- Task description:
Examine each line of the data, and copy the ones containing "Used".

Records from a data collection
++++++++++

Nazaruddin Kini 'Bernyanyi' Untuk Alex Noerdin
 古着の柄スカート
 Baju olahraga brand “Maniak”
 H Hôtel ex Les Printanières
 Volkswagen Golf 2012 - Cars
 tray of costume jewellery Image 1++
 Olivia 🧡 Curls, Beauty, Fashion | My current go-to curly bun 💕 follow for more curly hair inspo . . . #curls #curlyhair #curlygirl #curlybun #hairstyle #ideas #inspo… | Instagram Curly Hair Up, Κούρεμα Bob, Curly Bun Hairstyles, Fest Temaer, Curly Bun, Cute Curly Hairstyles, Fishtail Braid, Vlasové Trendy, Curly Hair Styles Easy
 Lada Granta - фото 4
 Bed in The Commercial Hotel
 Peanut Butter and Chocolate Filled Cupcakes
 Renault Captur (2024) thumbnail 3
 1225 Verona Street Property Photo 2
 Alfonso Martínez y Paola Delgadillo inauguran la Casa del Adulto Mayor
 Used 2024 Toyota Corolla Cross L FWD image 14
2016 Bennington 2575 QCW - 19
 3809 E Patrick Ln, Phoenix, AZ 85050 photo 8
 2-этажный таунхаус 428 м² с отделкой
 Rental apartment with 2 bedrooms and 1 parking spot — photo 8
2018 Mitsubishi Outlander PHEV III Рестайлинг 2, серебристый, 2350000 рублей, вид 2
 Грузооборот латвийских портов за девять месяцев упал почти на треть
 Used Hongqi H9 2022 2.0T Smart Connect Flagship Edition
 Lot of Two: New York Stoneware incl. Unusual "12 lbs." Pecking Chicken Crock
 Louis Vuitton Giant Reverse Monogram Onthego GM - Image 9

++++++++++

- Completed exercise:
 Used 2024 Toyota Corolla Cross L FWD image 14
 Used Hongqi H9 2022 2.0T Smart Connect Flagship Edition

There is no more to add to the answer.